In 2012, after the release of the first Hunger Games film, a disturbing trend emerged: official Hunger Games-themed tie-in merchandise that you could buy to feel more a part of the story, or something. That trend continues with the release of The Hunger Games: Catching Fire. Witness, for instance, the CoverGirl's "Capitol Collection" of mascaras, lip gloss, and other cosmetics. Or high-end chocolatier Vosges' character-themed chocolate bars (resulting in the unintentionally hilarious consequence of letting you "eat-a Peeta"). Or Subway's "Fiery Footlong" sandwiches, including a sweepstakes in which you can win your own "victory tour."
Or the (let it not be so) rumored theme park, at which children presumably will not be reaped and placed in the arena for a fight to the death to keep the people cowering in fear.
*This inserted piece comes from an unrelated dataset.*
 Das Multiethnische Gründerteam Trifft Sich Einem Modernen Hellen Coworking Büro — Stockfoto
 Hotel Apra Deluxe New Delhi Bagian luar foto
Presumably.
I'm not just frustrated, I'm appalled: all this tie-in merchandise declaws the story of The Hunger Games, in much the same way that the actual affluent Capitol in the books declaws the seriousness of the "real" Hunger Games—a forced gladiatorial battle between teenagers—by staging flashy weeks-long television specials around it in order to distract from the horror of juvenile carnage by making it entertaining.
The movies (gratefully) violently counteract any attempt we might make to see them as fun escapism. To see The Hunger Games is not to be entertained. The films' greatest redemptive feature is their pervasive sadness, from the faces of every character to the musical score to the bleak sets. Even during the biggest, most lavish celebrations at the Capitol, we know the ones who are enjoying themselves are being played for vapid fools. Everyone with half a brain is miserable and, increasingly, furious.
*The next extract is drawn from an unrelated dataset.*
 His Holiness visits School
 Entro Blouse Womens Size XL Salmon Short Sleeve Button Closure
Don't see this film without having seen the first Hunger Games film, because it dives right into the story. To recap: when we last left our teenage heroine Katniss Everdeen—she (Jennifer Lawrence, who at this point in her career can do no wrong) and Peeta Mellark (Josh Hutcherson) had managed to outsmart the Capitol and return as victors to District 12, only to discover that life can't, and won't, ever be the same. Even Katniss's relationship with her lifelong best friend Gale (Liam Hemsworth) has changed.
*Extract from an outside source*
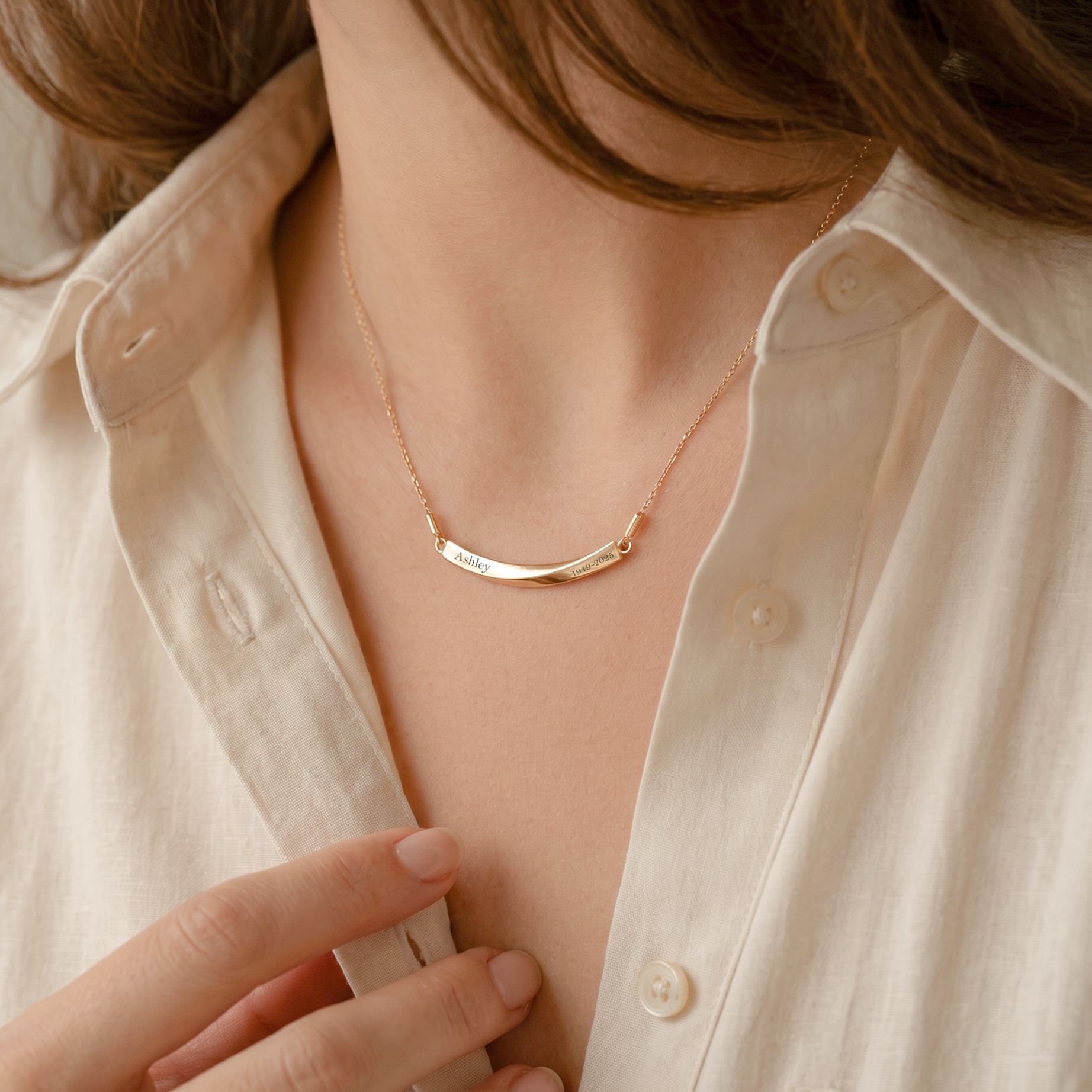 The Curved Bar Urn Necklace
But at the same time, Katniss has become a symbol of revolt to revolutionaries around the country—the mockingjay, the "girl on fire." When the movie opens, it's a year later, and things are only getting more serious. Katniss and Peeta sense this when they embark on their "Victory Tour," in which they (once again) get dolled up, travel by high-speed train to each of Panem's Districts with coach Haymitch (Woody Harrelson) and handler Effie (Elizabeth Banks), act like they're the madly-in-love victors everyone wants to see, and give pre-scripted speeches, all in service of drumming up support and excitement for the next games. (You see why the Subway sweepstakes is so disturbing.)